• [PROBLEM]: All lines below between the line with "Vacation home with hot tub — photo 3" and the line with "Автовышка ПСС 121.22 (АГП-22.02) на шасси УРАЛ 4320 Автовышка", including both, must be copied exactly, and the pictures must be omitted.

• [INPUT MATERIAL]:
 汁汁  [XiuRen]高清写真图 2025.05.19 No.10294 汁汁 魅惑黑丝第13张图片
...
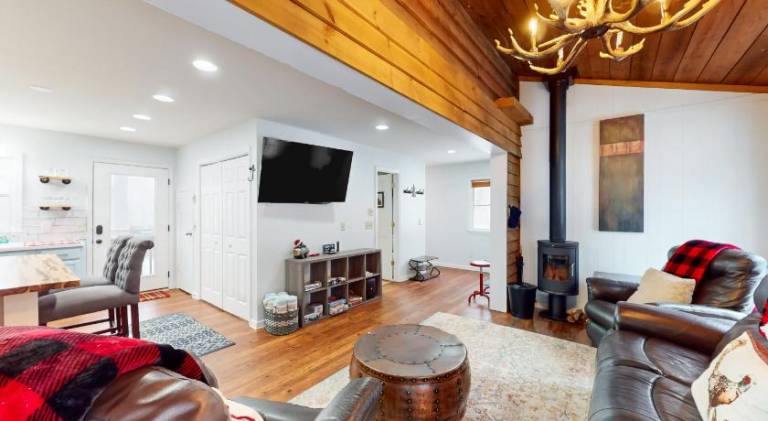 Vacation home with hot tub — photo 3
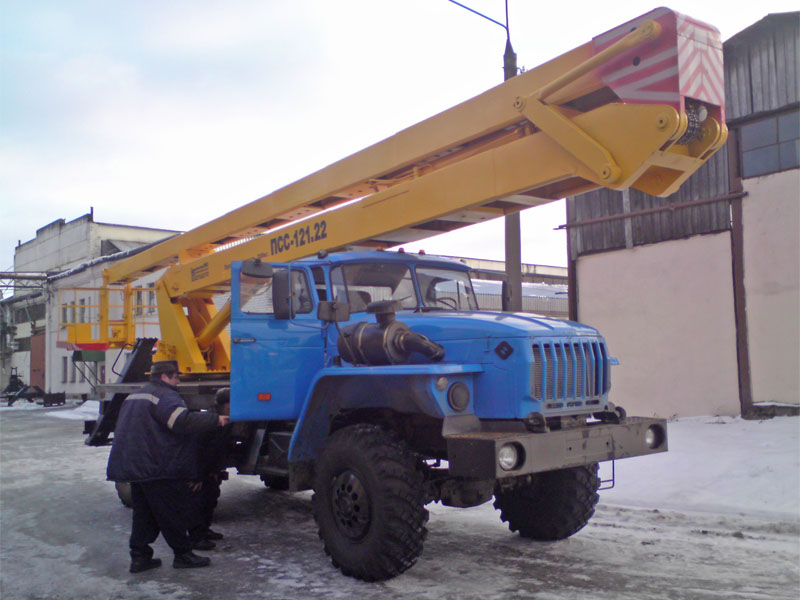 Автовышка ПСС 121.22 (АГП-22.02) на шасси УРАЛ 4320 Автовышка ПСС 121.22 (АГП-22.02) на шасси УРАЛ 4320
---
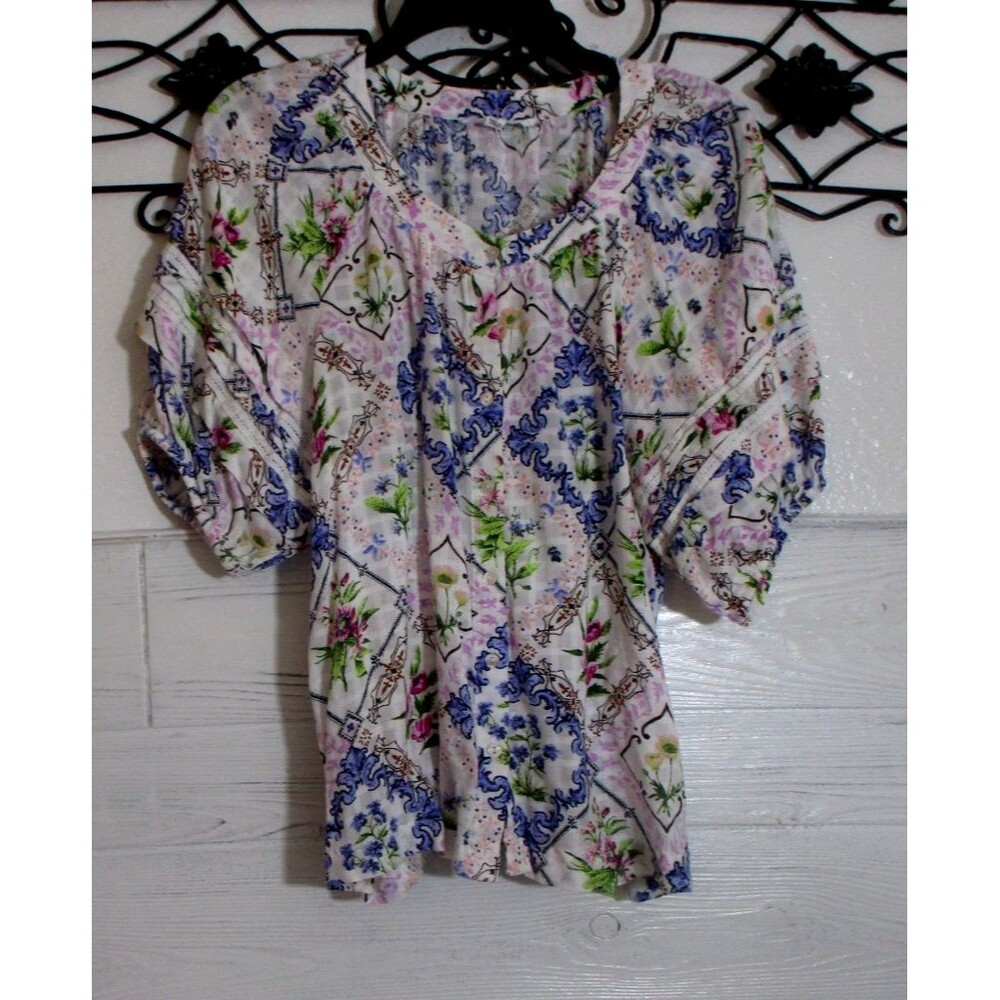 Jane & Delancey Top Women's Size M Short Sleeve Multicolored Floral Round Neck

• [SOLVED PROBLEM]:
 Vacation home with hot tub — photo 3
 Автовышка ПСС 121.22 (АГП-22.02) на шасси УРАЛ 4320 Автовышка ПСС 121.22 (АГП-22.02) на шасси УРАЛ 4320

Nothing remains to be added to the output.